Deep down, our clients know as well as we do - this is a game with no winners. Good spiritual direction helps clients recognize and exit the blame game.

But first, let’s give blame its due. As author Emily Maroutian points out, blame is an important developmental skill for children. It’s one of the early signs of an expanding sense of self. When kids can accurately locate what’s wrong in the actions of someone else, they develop healthy boundaries, protecting them from taking on an inappropriate amount of culpability when pain happens. The capacity to blame others reflects growth in a child’s sense of control, power, and autonomy.

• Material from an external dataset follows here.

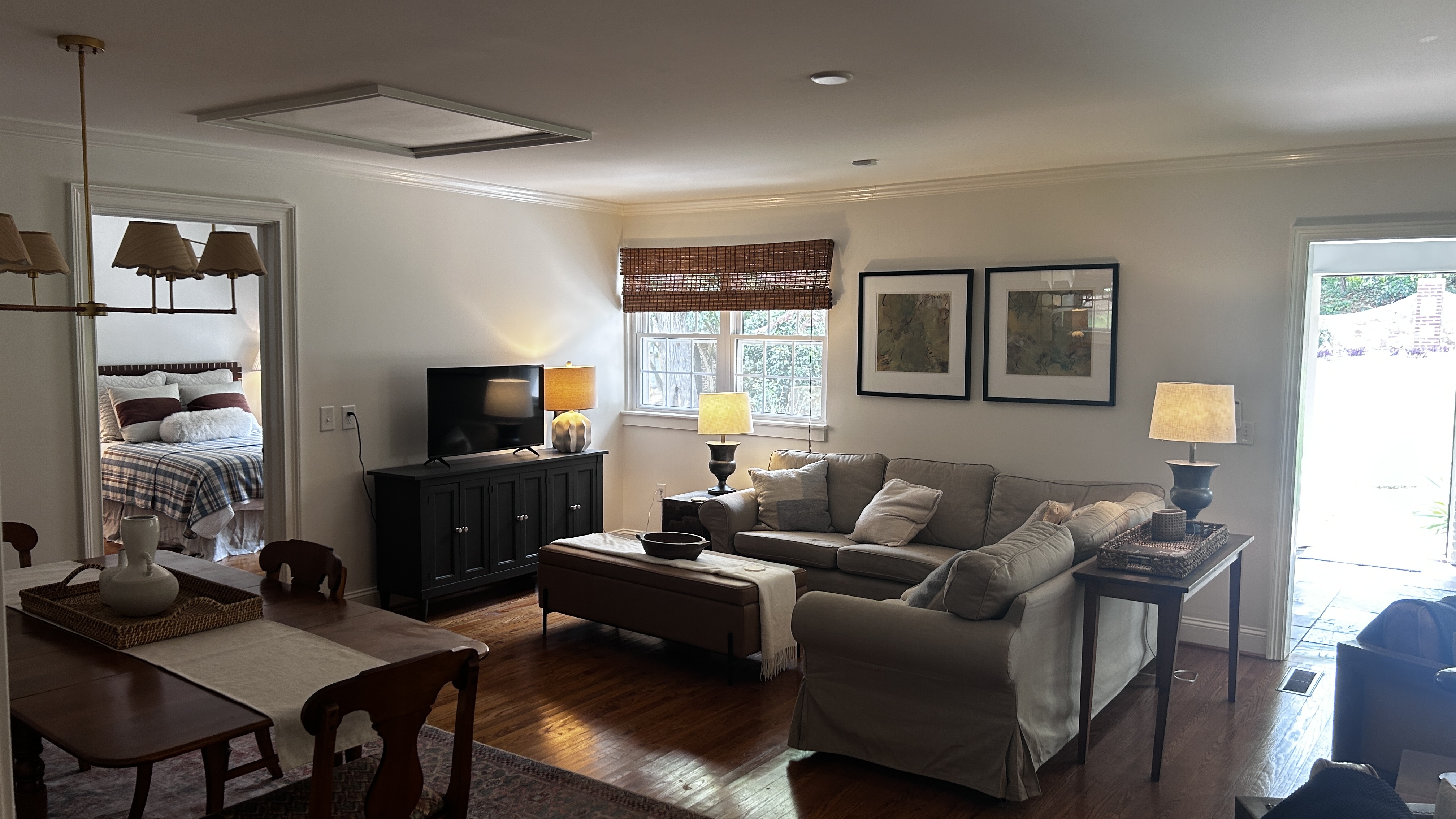 Open living room with hardwood floors, warm lamps and dining table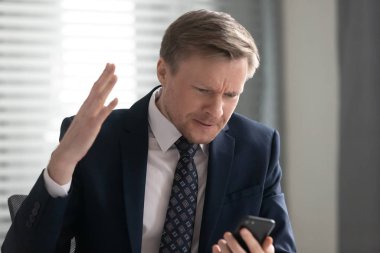 Mad male employee having smartphone problems or breakdown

However, the gift of blame for the child can easily become a curse for the adult. Whereas blaming reflects agency for the child, it negates agency for the adult.

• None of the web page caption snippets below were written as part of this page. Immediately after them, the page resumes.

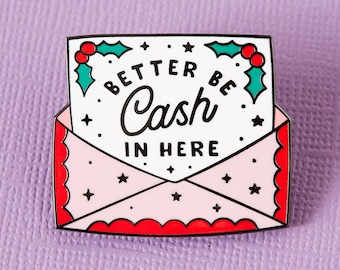 May include: Red and white enamel pin shaped like an envelope with a white paper inside. The paper has a green holly sprig with red berries and the text "Better be cash in here".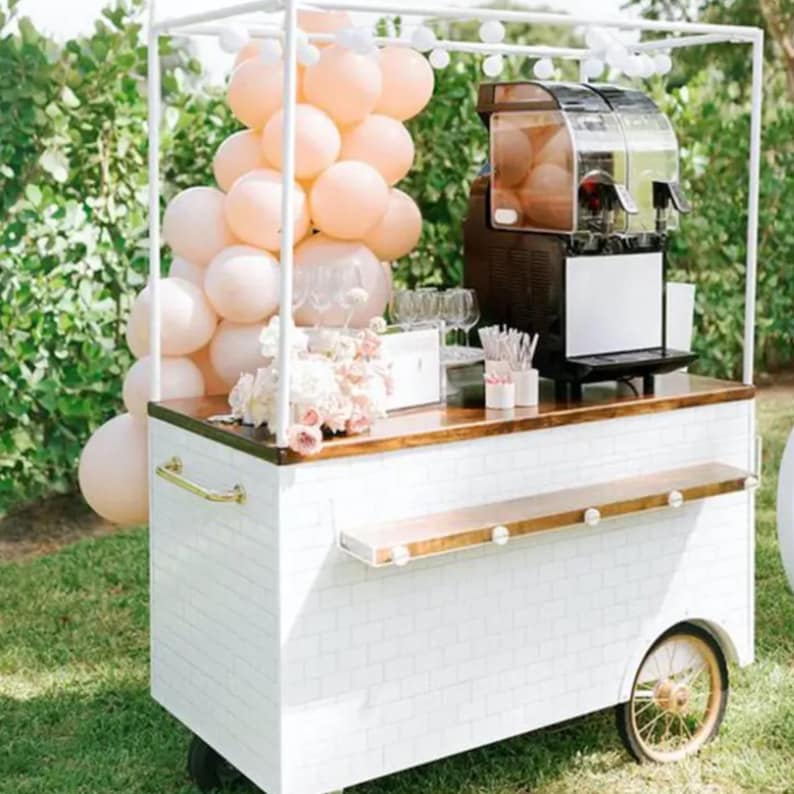 May include: A white food cart with a white brick pattern, a wooden countertop, and a gold handle. The cart has a black slushie machine and a display of peach-colored balloons.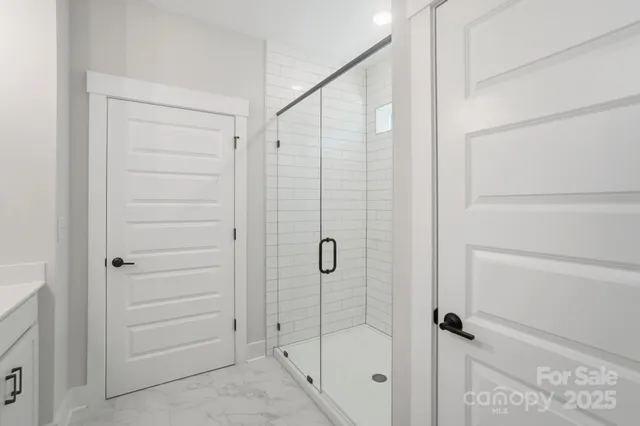 a bathroom with a double sink shower and mirror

Blame assumes that we are controlled by the external circumstances of our lives. Blames gives us the illusion of being off the hook. Blame turns the other into our persecutor, and turns us into victims. And we all do it habitually.

What is the opposite of blame? Responsibility. Blame is passive; responsibility is active. Blame disempowers; responsibility empowers.

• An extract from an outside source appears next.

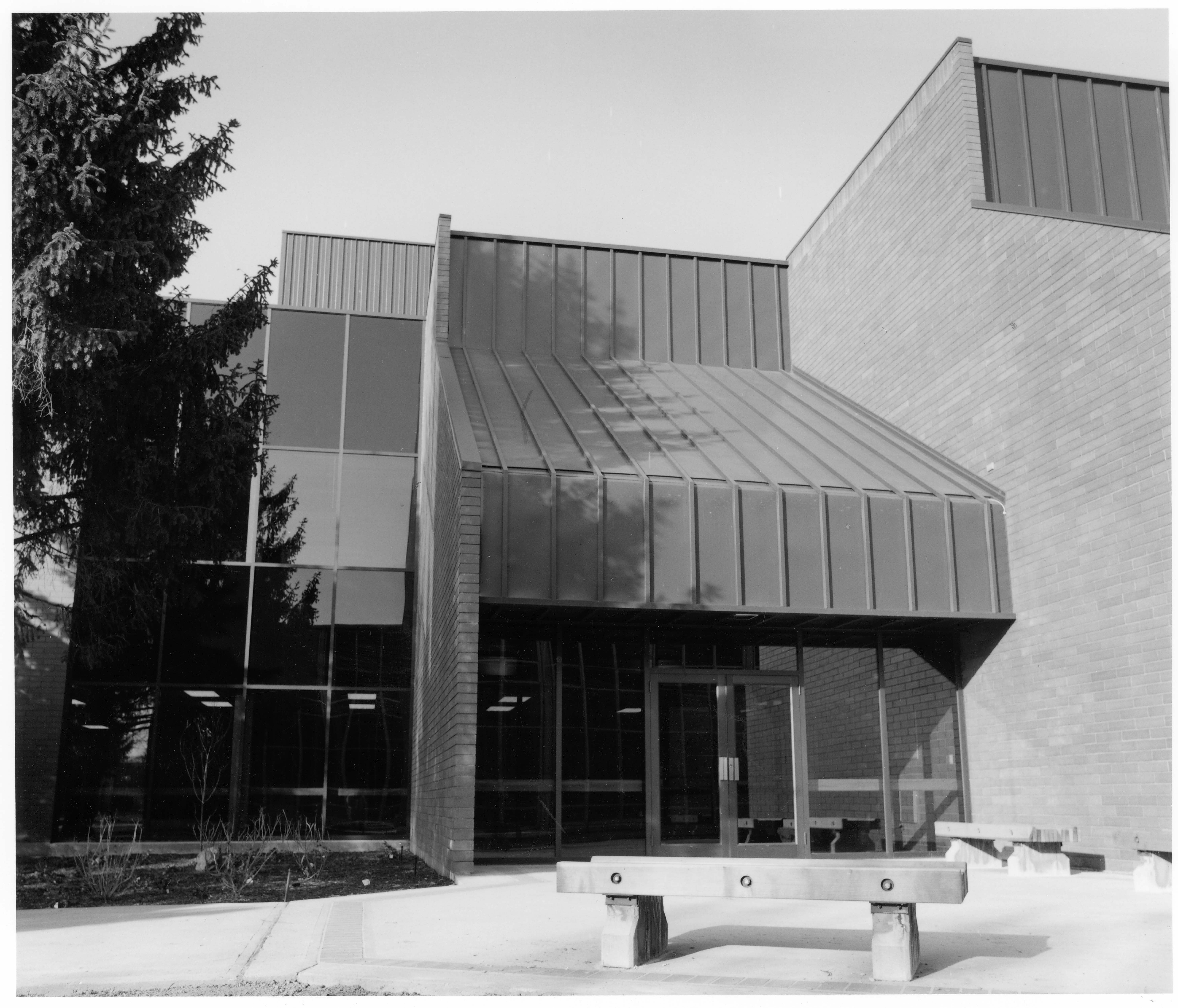 Black and white photo of SMASH building with sloped roof and entrance doors.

It’s important not to blame ourselves or our clients for falling into blaming. We all do it. Instead, the work is to shine the light of compassion on it.

Once we recognize that we are playing the blame game, we can playfully look at what it might look like to bring our response-ability to the situation. We can apply our creative, higher mind to the circumstance.

Taking responsibility for our lives is gradual work, and its transformative. It frees us by giving us agency and choice. If we can help clients move from blame to responsibility, we’ll be helping them shift their thinking and their lives dramatically.

The psychologist Albert Ellis said it well:

The best years of your life are the ones in which you decide your problems are your own. You do not blame them on your mother, the ecology, or the president. You realize that you control your own destiny.